Written by || November 21 2019

The Philippines is in danger of being listed once again as a high-risk money laundering country by the Financial Action Task Force (FATF), a global AML watchdog. To avoid ending up on a list that includes countries such as North Korea and Iran, Manila must address weaknesses in its AML and counterterrorism financing capabilities.

FATF removed the Philippines from its list of countries with strategic AML deficiencies in June 2013 after noting Manila's establishment of a satisfactory legal and regulatory framework to combat financial crime. The Philippines had been previously subject to FATF's monitoring process since October 2010.

Manila certainly does not want to end up on FATF's blacklist again. Countries designated as having strategic AML deficiencies are subject to an extra layer of scrutiny in their international banking transactions. The additional compliance requirements could discourage foreign direct investment in the Philippines, which is currently one of Asia's fastest growing economies. In the third quarter, the Philippines economy grew 6.2% annually, behind only Vietnam (7.3%).

Overseeing the Philippines' 12-month campaign to boost its AML and counter-terrorism ability will be the Asia-Pacific Group on Money Laundering (APG), a regional intergovernmental organization similar to FATF.

APG has uncovered a number of deficiencies in the Philippines' AML and counter-terrorism regime. Most importantly for APG, Manila has largely failed to prosecute and convict people for money laundering and terrorism financing crimes. Without sufficient investigations and convictions, it is difficult for any country to claim that it is serious about AML to APG and FATF.

According to APG, there were only 20 reported cases of money laundering in the Philippines from 2013-2018, resulting in 10 prosecutions and five convictions. No terrorism financing cases were prosecuted. Yet, the Philippines' Anti-Money Laundering Council (AMLC) estimates that up to US$342.3 billion was laundered through the nation's banking system from January 2013 to December 2017. That sum is greater than the Philippines 2017 gross national product of US$303 billion, Asia Sentinel noted in May. 

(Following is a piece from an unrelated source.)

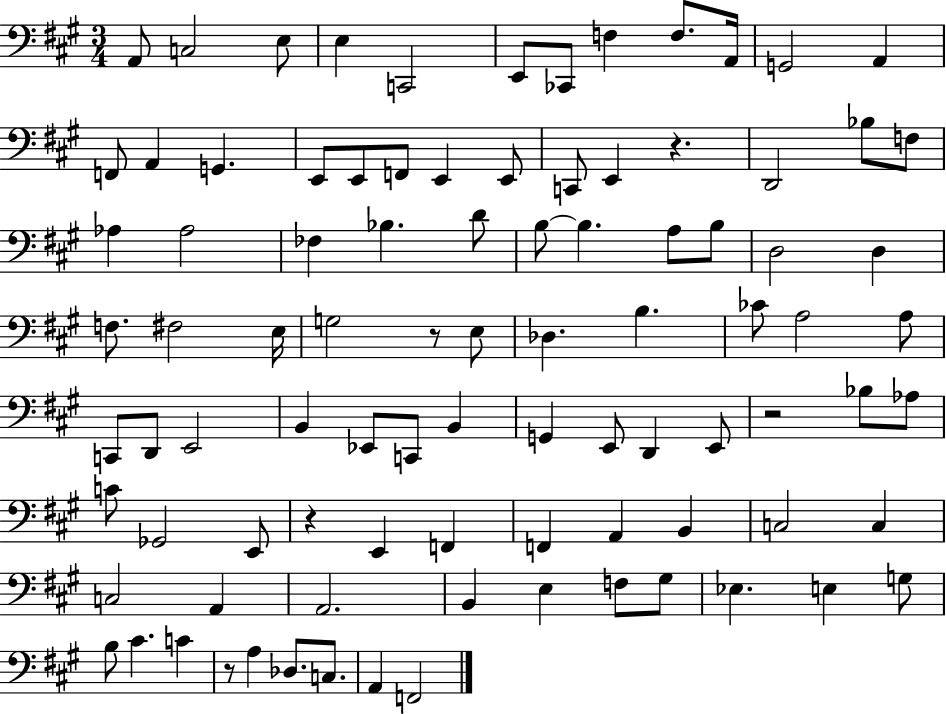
A2/e C3/h E3/e E3/q C2/h E2/e CES2/e F3/q F3/e. A2/s G2/h A2/q F2/e A2/q G2/q. E2/e E2/e F2/e E2/q E2/e C2/e E2/q R/q. D2/h Bb3/e F3/e Ab3/q Ab3/h FES3/q Bb3/q. D4/e B3/e B3/q. A3/e B3/e D3/h D3/q F3/e. F#3/h E3/s G3/h R/e E3/e Db3/q. B3/q. CES4/e A3/h A3/e C2/e D2/e E2/h B2/q Eb2/e C2/e B2/q G2/q E2/e D2/q E2/e R/h Bb3/e Ab3/e C4/e Gb2/h E2/e R/q E2/q F2/q F2/q A2/q B2/q C3/h C3/q C3/h A2/q A2/h. B2/q E3/q F3/e G#3/e Eb3/q. E3/q G3/e B3/e C#4/q. C4/q R/e A3/q Db3/e. C3/e. A2/q F2/h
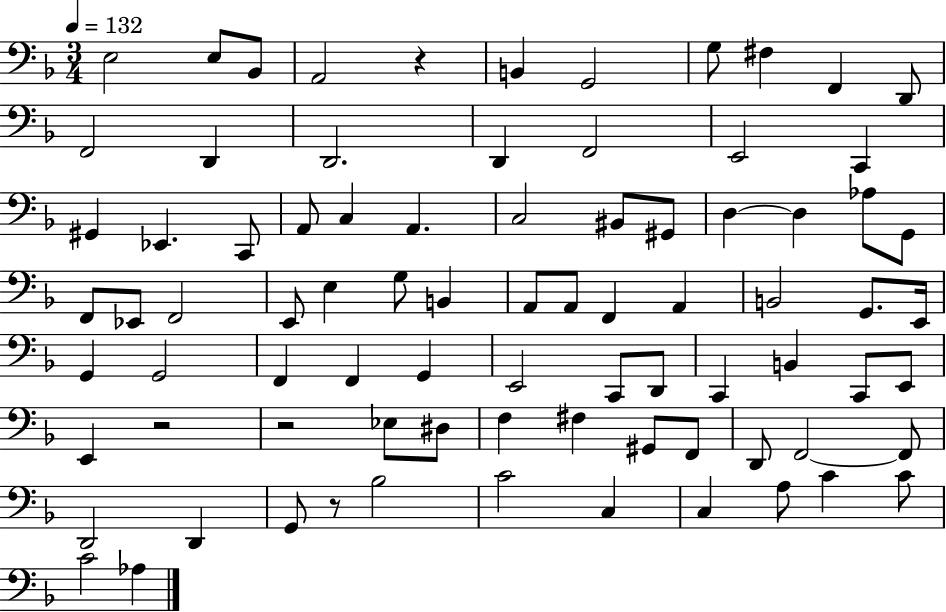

Regulators say that the situation is improving as Manila boosts AML and counter-terrorism efforts. From January 2018-July 2019, the AMLC froze over P1 billion in assets and seized an additional P600 million, Benjamin E. Diokno, AMLC Chairman and Bangko Sentral ng Pilipinas Governor, said in October.

At the same time, Manila must further tighten AML controls at its casinos. Globally, the standard for reporting a casino transaction to regulators is usually $US10,000. Yet in the Philippines' online casinos, the threshold is US$100,000.

Further, the Philippines permits proxy betting companies to operate in casinos. Gambling in a casino on behalf of a third party is typically not permitted in the U.S. or Europe and was recently banned in Macau to reduce money-laundering risk.